The lines below starting at the line containing "محمد الدسوقي وعمرو" and ending at the line containing "Las Ramblas Golf - Inland" are to be repeated exactly, with both ends kept and nothing else added.

INFORMATION SUPPLIED:
____
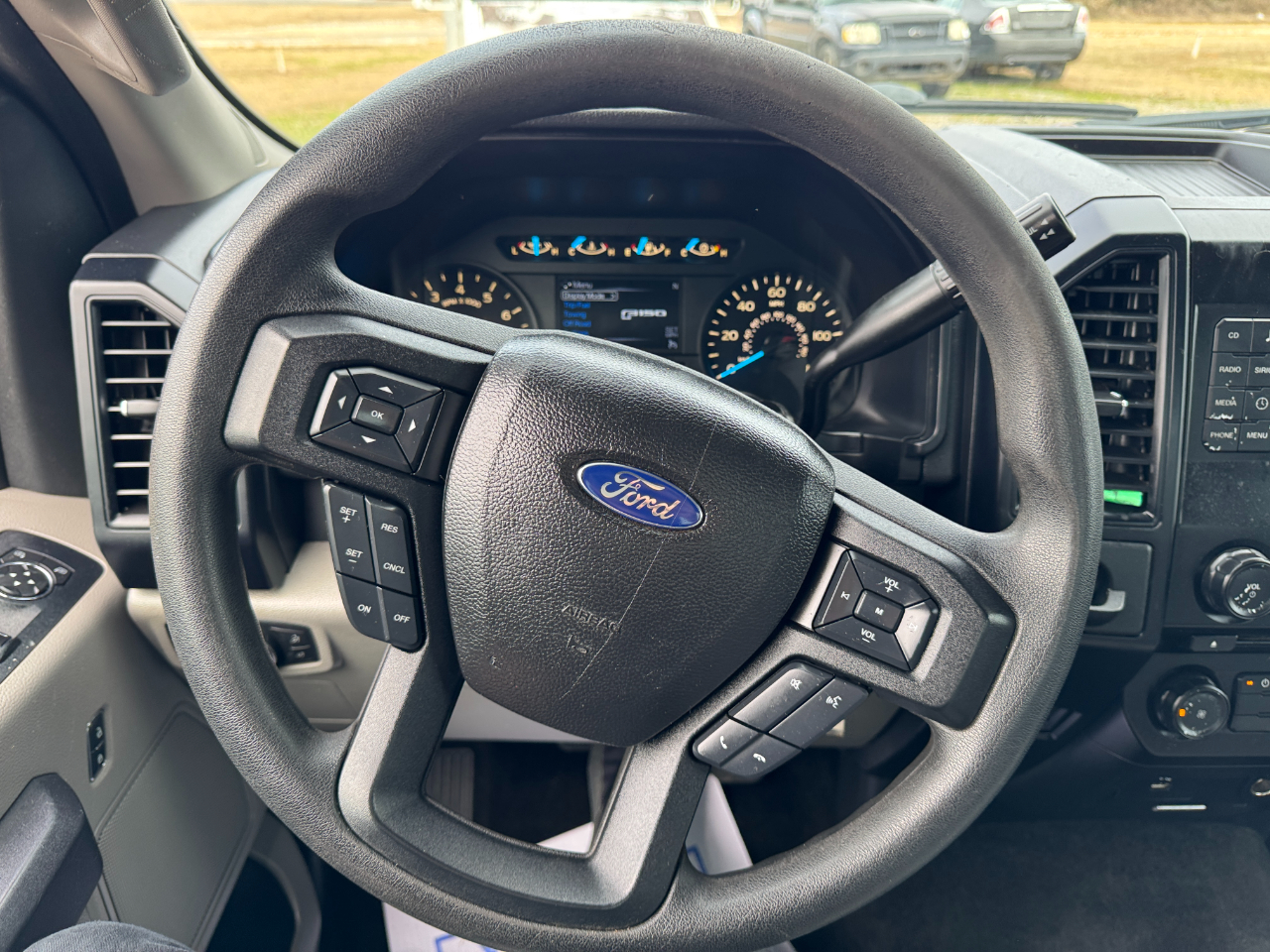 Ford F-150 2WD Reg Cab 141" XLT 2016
____
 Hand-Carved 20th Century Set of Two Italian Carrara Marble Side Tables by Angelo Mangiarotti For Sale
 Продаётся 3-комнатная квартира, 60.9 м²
____
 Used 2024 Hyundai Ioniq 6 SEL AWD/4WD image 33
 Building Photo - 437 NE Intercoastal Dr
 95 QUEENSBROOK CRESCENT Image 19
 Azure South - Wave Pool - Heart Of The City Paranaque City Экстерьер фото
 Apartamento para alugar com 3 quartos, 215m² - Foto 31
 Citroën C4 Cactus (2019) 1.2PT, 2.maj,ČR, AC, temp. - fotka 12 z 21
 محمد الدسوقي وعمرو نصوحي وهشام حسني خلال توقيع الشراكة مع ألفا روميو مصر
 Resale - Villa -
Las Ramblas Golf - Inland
____
OUTPUT BELOW:
 محمد الدسوقي وعمرو نصوحي وهشام حسني خلال توقيع الشراكة مع ألفا روميو مصر
 Resale - Villa -
Las Ramblas Golf - Inland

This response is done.